Celebrating World Productivity Day: How to Cut Out Clutter Across the Board

Increasing productivity has become both a very common and highly coveted goal in our culture. This goes for CEOs, employees, students, teachers, parents, kids - you name it. It’s no wonder we crave this, living in an age with more digital distractions at our fingertips than ever before. That’s tough to overcome on its own - let alone when combined with juggling competing priorities of work, family, school and social lives. Any way you slice it, the average American family is busier than ever.

What many don’t realize, though, is the detrimental supporting role played by clutter in the household. Messy living spaces are a major productivity drain. Research has proven that clutter actually competes for your attention, which affects your ability to focus and process information, increases stress and hinders productivity. The good news? Clutter is something you can easily conquer. In honor of World Productivity Day, we rounded up our favorite tips to help you reduce clutter and really uplevel your productivity, once and for all.

Take stock of the biggest contributors to your clutter monster

If you had to guess, how many items do you think you’ve accumulated in your household? A couple thousand, tops - right? Most likely, not even close. The research argues there are, on average, 300,000 items in the typical American home. A big reason you’re underestimating the number of belongings you have is likely that most of them are rather forgettable. Many of the items in your home aren’t essentials or even things you’ve collected on purpose. Think old clothing, gifts and souvenirs, papers and memorabilia, outdated electronics cases and cords, magazines, etc.).

Start a box for items that can be donated and another for those that should be recycled or thrown away. Try the method of thoughtfully adding, instead of trying to eliminate cold turkey. This sounds counterintuitive, but it works. Rather than carefully considering each item to choose what to throw out or donate, gather up all of the random items in your home and place them in a box out of sight in a non-central room. When you realize you need an item, collect it, use it and return it to the place in your home where it belongs. If it doesn’t have a designated place, it’s crucial to find one and return it there every time you clean up. After a month or two, revisit the excess clutter box - whatever is still in there should probably be added to the donation box or tossed.

Save space and stress by going digital

Bills, sensitive documents, tax and insurance forms, receipts, children’s artwork, homework, school newsletters, sentimental notes, cards, product manuals, pamphlets and photos - what do all of these items have in common? They are essentially just paper. Unfortunately, paper clutter is one of the largest underlying causes of a messy home. Given some of these important files can’t simply be thrown away or recycled, try storing and organizing them digitally.

A digital filing system not only reduces clutter, but it eliminates the chances of losing or misfiling important documents.

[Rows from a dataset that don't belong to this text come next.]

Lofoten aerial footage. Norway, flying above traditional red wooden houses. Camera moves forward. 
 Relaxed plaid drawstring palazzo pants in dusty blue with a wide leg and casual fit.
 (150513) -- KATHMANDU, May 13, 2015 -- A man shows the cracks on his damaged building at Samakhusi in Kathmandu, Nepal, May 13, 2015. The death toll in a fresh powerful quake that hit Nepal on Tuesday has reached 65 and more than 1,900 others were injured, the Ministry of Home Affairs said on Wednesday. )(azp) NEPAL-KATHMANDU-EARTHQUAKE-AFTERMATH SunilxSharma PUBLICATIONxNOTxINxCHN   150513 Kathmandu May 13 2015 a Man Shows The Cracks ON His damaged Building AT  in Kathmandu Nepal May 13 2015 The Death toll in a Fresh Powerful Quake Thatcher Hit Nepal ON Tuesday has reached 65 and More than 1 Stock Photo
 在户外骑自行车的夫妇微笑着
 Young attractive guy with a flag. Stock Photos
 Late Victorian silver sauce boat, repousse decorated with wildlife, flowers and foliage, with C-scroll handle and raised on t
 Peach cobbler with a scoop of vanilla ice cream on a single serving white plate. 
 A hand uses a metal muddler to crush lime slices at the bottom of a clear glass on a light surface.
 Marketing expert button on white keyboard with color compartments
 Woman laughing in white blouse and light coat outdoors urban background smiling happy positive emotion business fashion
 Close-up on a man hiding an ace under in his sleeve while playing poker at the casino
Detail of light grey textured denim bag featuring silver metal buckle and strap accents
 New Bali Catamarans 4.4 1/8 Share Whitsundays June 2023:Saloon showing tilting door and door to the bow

ScanSnap scanners have awesome built-in features like OCR (optical character recognition) enabling you to add keywords and create searchable files. Scan old photos to save a high-quality version and preserve your memories from wear and tear. Digitize important personal, household and business files and upload them to your preferred cloud-based software. Our scanners have direct-to-cloud compatibility with Google Drive, Evernote, Box and others.

Commit to going clutter-free everywhere

A common mistake many people make is tackling only one category of the clutter slowly taking over their home. In fact, Marie Kondo’s tidying up craze that took over the nation earlier this year addressed this very issue. When you set out to get organized, it’s common to tire out - or feel just accomplished enough - after tackling an obvious category, like your closet. The issue is that all of the other causes of clutter in your home - books, magazines, paper, memorabilia, even toiletries, kitchen and pantry supplies - still exist. Once the initial “high” of decluttering wears off, you’ll realize you have a lot of other stuff still poisoning your potential newfound level of calmness and productivity.

What’s more, staying organized and decluttered is a habit you and your family can (and should) form together. If you only tackle one area, you’re not fully embracing the practice or benefits of living clutter-free. Plus, once your family commits to decluttering, it’s key to go through everything at once to ensure you’re providing yourselves with a clean slate - and a sanctuary. At first, eliminating clutter will take work. Once you get past the initial challenge, though, you’ll soon find it simply becomes a part of your smoother, stress-free and more productive lifestyle.

Any other productivity hacks you swear by? What areas of household clutter do you find to be the toughest to tackle?